If these requirements are met:
- The excess of Form 1 or Form 1-NR/PY adjusted gross income deductions over gross income may be used to offset Schedule B and D income, but only to the extent that the income is effectively connected with the active conduct of a trade or business of the taxpayer;
- Carryover passive losses which may be taken upon disposition of a taxpayer's entire interest in the passive activity to an unrelated party in a fully taxable transaction may be used to offset Form1 or Form 1-NR or Schedule B and D income in the following order:
- Form1 or Form 1-NR income attributable to the disposed passive activity for the taxable year;
- Schedule B and D income attributable to all other passive activities for the taxable year;
- Any other Form1 or Form 1-NR income;
- Schedule B and D income attributable to the disposed passive activity for the taxable year;
- Other Schedule B and D income which is effectively connected with the active conduct of a trade or business of the taxpayer.
Passive Activity Losses vs. Net Operating Losses:
Please note that passive loss carryover deductions are different from net operating loss deductions. Under G.L. c. 62, s. 2(d)(1)(C) net operating loss deductions under Code § 172 are not deductions for Massachusetts purposes.
Nonresidents must recalculate allowed passive activity losses based upon income or losses from passive activities which generate income subject to tax in Massachusetts. To do so, the taxpayer must complete a pro forma federal Form 8582, using only those amounts from activities which generate income subject to Massachusetts tax. When completing the pro forma federal Form 8582, the taxpayer must limit the amount of the $25,000 allowance for rental real estate activities with active participation to the amount which was allowed the taxpayer for federal purposes.
Part-year residents who meet the Massachusetts threshold income and exemption and who change status during a single taxable year from resident to nonresident, or from nonresident to resident must figure passive activity losses separately for their periods of residency and nonresidency.
For Examples, see TIR 89-2 below
Same-sex joint filers: Same sex joint filers should use Federal Form 8582 to recalculate their loss limitations as if they were filing a joint federal return. (See TIR 04-17 for more information.) Note: the federal limitation favors single filers over married filers because federal law provides the same offset limitation to married couples that it provides to single taxpayers.
Prizes and Awards
Prizes and awards are included in Massachusetts gross income to the same extent they are included federally.
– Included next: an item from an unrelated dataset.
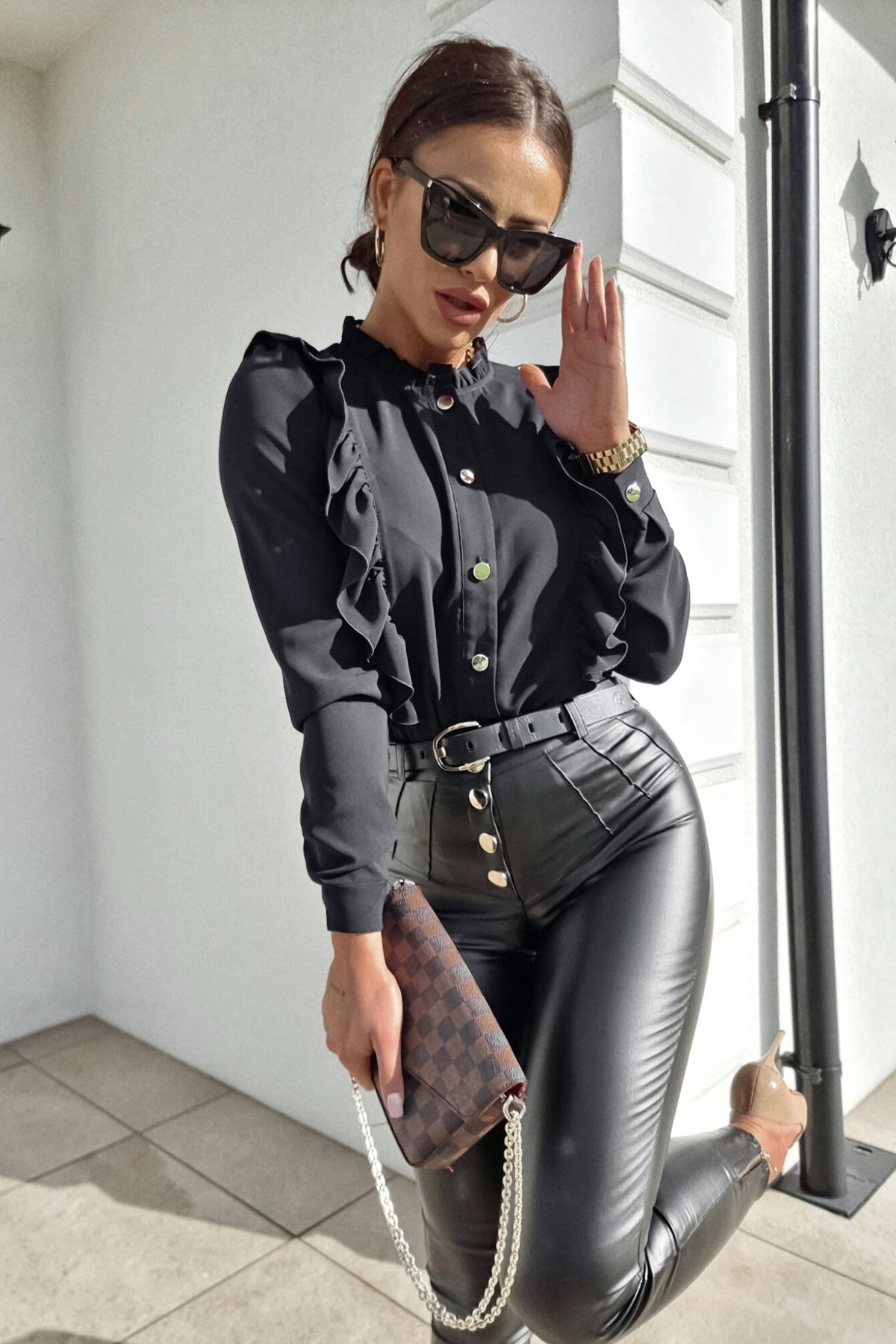 Camicia nera in viscosa Moda-Mania con collo alto, dettagli rouches e bottoni dorati, vestibilità elegante e raffinata.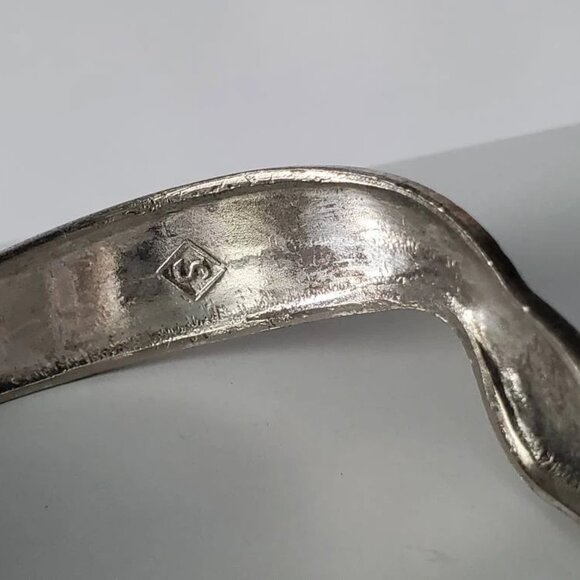 Pewter Snake Reptile Hinge Cuff Bracelet - Picture 6 of 9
Pulitzer, Nobel, and Similar Prizes:
If taxpayers are awarded a prize in recognition of past accomplishments in religious, charitable, scientific, artistic, educational, literary, or civic fields, they generally must include the value of the prize in gross income.
These prizes, however, may be excluded from gross income if all of the following requirements are met:
- the recipient is selected without any action on his part;
- The recipient is not required to perform substantial future services as a condition of receiving the prize or award; and
- The recipient assigns the prize or award to a governmental unit or tax exempt charitable organization.
Prizes and awards received from the following sources are included in gross income and taxed at fair market value:
- beauty contests;
- quiz programs.
A prize of merchandise is taxable at fair market value.
Employee achievement awards do not follow the same rules as the exceptions above. They are taxable unless they meet special rules for awards of tangible personal property given in recognition of length of service or safety achievement. Cash awards, gift certificates and similar items are taxable. Gross income will not include the value of the award if the cost to the employer does not exceed the amount allowable as a deduction to the employer for the cost of the award.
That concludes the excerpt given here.